The little dog’s creative antics have helped Abay meet people in the Corsicana community, and connect with other animal lovers in town. With the COVID-19 pandemic still present, Abay continues to connect with people through her photography and shelter work.
Ducky currently hosts Friends of Ducky on the Navarro County Gazette, where each week he introduces a new and local pet currently available for adoption. With a large number of pets in need of homes around Corsicana and Navarro County, it’s Abay’s hope that the feature will bring more attention to the animals in the local shelter.
“Pets in need of a home aren’t in need of a home because something’s ‘wrong’ with them,” Abay said. “My goal with Ducky has always been to promote a pet/parent relationship, and how much I’ve gotten out of it, and how much he’s gotten out of it. With Friends of Ducky, that pet that we feature is someone else’s ‘Ducky.’ You can have a ‘Ducky’ from your local shelter. You can adopt a ‘Ducky.’ You can rescue a ‘Ducky.’ You can find a ‘Ducky’ on the side of the street.”
Abay said while she cherishes the special relationship she has with her dog, every pet has the capacity to do that for someone. The current pandemic has forced situations where pet owners are no longer able to care for their animals, and many dogs and cats have ended up homeless and on the streets.
Abay wants to showcase the personalities of these available animals so people can see who is adoptable and make a connection with them online.

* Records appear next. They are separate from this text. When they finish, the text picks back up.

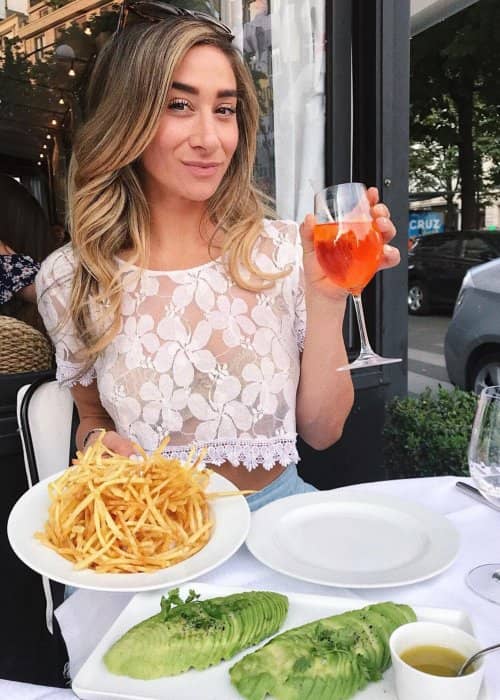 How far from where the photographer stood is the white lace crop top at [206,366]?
1.68 m

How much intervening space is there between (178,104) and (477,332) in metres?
4.34

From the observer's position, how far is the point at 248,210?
1948 mm

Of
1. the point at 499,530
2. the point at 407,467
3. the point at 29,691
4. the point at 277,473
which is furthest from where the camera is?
the point at 407,467

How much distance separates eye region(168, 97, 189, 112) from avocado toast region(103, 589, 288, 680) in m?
1.17

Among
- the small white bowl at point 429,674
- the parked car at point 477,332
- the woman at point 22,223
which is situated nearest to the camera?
the small white bowl at point 429,674

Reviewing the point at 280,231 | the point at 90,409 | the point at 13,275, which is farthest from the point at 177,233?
the point at 13,275

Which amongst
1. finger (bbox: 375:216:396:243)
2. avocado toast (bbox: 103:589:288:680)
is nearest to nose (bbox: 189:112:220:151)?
finger (bbox: 375:216:396:243)

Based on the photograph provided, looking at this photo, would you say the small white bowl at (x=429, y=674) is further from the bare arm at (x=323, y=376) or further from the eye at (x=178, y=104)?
the eye at (x=178, y=104)

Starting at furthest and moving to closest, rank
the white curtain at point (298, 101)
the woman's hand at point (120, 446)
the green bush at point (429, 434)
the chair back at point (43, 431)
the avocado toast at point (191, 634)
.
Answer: the white curtain at point (298, 101) < the green bush at point (429, 434) < the chair back at point (43, 431) < the woman's hand at point (120, 446) < the avocado toast at point (191, 634)

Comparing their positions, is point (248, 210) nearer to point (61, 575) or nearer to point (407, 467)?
point (61, 575)

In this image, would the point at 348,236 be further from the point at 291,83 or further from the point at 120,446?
Result: the point at 291,83

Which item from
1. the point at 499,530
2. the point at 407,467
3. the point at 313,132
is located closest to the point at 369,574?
the point at 499,530

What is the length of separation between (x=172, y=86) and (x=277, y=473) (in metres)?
1.01

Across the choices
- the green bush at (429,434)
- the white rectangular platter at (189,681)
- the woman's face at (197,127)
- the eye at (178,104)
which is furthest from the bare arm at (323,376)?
the green bush at (429,434) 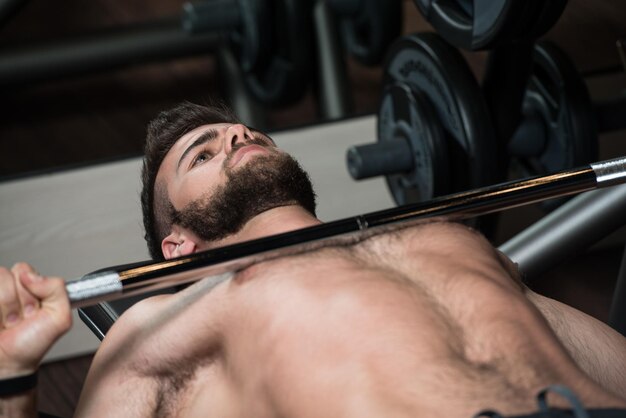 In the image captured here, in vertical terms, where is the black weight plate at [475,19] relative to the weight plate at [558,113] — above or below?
above

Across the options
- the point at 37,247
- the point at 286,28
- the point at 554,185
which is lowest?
the point at 37,247

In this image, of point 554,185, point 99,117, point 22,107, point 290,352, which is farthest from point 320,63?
point 290,352

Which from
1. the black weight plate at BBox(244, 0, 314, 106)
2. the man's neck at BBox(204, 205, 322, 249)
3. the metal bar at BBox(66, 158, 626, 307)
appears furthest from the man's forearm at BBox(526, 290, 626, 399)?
the black weight plate at BBox(244, 0, 314, 106)

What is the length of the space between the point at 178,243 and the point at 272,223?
0.49ft

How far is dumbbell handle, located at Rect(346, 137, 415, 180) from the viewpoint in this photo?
1.93 m

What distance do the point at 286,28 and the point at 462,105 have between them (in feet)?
2.74

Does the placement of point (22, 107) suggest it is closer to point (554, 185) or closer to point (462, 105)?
point (462, 105)

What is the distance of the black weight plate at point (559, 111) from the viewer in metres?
1.88

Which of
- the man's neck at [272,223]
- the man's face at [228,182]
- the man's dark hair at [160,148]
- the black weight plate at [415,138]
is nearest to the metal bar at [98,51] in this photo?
the black weight plate at [415,138]

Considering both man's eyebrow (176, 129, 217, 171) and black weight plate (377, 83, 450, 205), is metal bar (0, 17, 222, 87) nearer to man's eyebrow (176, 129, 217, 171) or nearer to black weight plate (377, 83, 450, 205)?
black weight plate (377, 83, 450, 205)

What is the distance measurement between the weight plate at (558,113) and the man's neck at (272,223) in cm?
72

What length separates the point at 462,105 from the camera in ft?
5.97

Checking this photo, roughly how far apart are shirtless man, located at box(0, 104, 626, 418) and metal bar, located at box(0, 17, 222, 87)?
4.41 ft

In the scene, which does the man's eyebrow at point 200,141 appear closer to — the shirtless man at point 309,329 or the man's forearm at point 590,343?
the shirtless man at point 309,329
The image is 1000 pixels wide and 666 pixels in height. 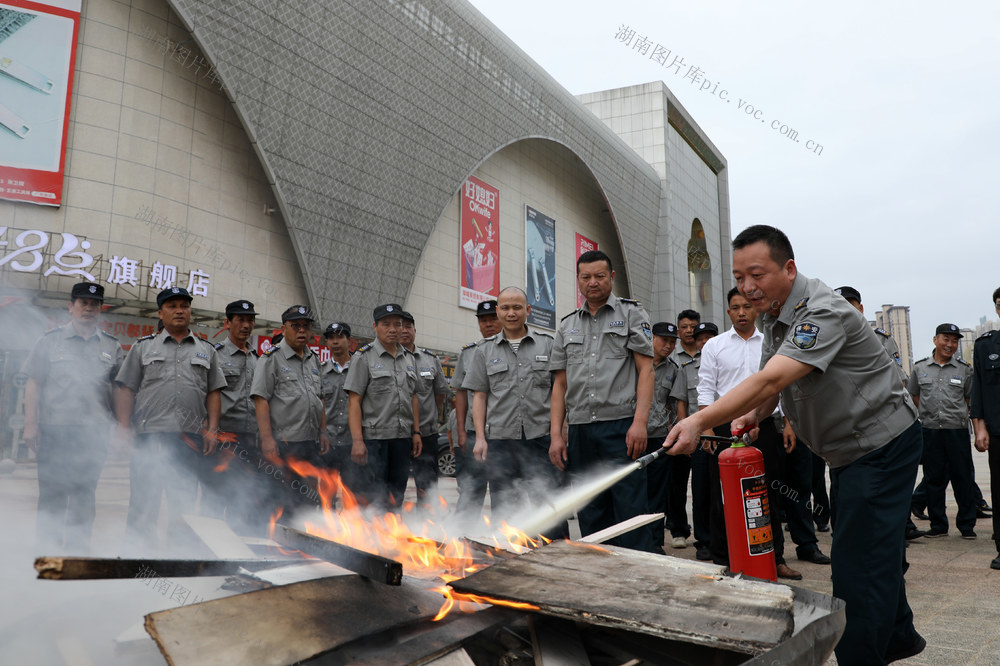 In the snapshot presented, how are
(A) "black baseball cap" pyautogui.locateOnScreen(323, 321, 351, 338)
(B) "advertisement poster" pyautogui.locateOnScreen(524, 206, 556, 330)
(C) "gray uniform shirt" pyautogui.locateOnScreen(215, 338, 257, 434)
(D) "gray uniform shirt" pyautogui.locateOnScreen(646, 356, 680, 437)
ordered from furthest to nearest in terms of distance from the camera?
(B) "advertisement poster" pyautogui.locateOnScreen(524, 206, 556, 330), (A) "black baseball cap" pyautogui.locateOnScreen(323, 321, 351, 338), (D) "gray uniform shirt" pyautogui.locateOnScreen(646, 356, 680, 437), (C) "gray uniform shirt" pyautogui.locateOnScreen(215, 338, 257, 434)

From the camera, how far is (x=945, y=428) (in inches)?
260

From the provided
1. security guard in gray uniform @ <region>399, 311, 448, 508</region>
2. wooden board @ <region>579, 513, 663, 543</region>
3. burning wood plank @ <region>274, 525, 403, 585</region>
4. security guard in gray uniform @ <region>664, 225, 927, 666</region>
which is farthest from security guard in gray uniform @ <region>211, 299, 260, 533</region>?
security guard in gray uniform @ <region>664, 225, 927, 666</region>

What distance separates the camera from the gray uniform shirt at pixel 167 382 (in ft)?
16.7

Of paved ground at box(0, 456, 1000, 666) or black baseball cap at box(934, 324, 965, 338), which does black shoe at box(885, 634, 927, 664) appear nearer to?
paved ground at box(0, 456, 1000, 666)

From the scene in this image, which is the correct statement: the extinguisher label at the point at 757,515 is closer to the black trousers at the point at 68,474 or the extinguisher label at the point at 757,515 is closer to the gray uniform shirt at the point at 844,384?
the gray uniform shirt at the point at 844,384

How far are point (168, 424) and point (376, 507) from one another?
5.69 feet

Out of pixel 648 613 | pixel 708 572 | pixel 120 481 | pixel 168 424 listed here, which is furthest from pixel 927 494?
pixel 120 481

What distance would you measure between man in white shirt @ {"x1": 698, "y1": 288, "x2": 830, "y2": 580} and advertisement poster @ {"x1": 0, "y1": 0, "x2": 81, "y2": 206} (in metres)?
12.3

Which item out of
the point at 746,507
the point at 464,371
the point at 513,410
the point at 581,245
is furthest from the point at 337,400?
the point at 581,245

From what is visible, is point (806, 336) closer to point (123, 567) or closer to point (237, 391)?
point (123, 567)

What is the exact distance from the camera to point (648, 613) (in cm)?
207

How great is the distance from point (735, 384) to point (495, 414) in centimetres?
193

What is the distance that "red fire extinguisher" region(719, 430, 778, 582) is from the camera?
3.51 meters

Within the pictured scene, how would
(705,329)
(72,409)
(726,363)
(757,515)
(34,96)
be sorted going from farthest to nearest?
(34,96), (705,329), (726,363), (72,409), (757,515)
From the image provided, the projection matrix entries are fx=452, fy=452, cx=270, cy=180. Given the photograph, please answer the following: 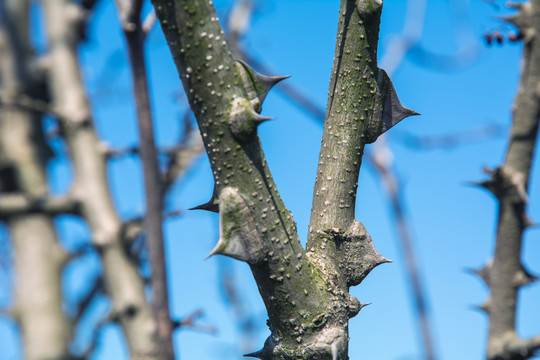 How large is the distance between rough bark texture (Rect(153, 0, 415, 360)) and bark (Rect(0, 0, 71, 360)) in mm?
1082

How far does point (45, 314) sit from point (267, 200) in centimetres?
136

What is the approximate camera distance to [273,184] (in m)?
1.25

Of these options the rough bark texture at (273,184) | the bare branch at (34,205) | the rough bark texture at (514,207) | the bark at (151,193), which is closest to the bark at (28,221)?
the bare branch at (34,205)

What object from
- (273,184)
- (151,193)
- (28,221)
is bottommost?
(151,193)

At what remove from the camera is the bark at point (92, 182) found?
54.1 inches

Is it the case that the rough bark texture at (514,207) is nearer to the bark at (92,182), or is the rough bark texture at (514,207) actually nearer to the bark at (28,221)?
the bark at (92,182)

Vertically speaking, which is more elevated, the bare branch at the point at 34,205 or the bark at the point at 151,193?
the bare branch at the point at 34,205

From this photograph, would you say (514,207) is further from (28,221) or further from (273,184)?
(28,221)

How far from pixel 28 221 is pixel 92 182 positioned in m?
0.52

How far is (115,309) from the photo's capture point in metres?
1.28

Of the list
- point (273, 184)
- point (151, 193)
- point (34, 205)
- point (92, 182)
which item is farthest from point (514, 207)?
point (34, 205)

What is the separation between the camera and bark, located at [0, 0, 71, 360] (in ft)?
6.41

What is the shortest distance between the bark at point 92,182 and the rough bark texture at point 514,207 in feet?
2.68

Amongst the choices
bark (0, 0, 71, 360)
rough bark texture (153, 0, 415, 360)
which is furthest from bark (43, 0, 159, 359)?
rough bark texture (153, 0, 415, 360)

“You can go to your local shelter and walk down the aisles of kennels and I guarantee you one of them will turn your head, and make you think ‘Hmm, I wonder what it would be like to have that dog or cat or whatever in my house?'”
“Opening your home to a pet is a big commitment, but it is so worth it,” Abay said. “In 2020 with people being home more, especially people like me with health problems, having that little furry companion is huge, and to some people, it’s a lifesaver.”
As Ducky continued to root around in the background, he wore a look sharing that sentiment.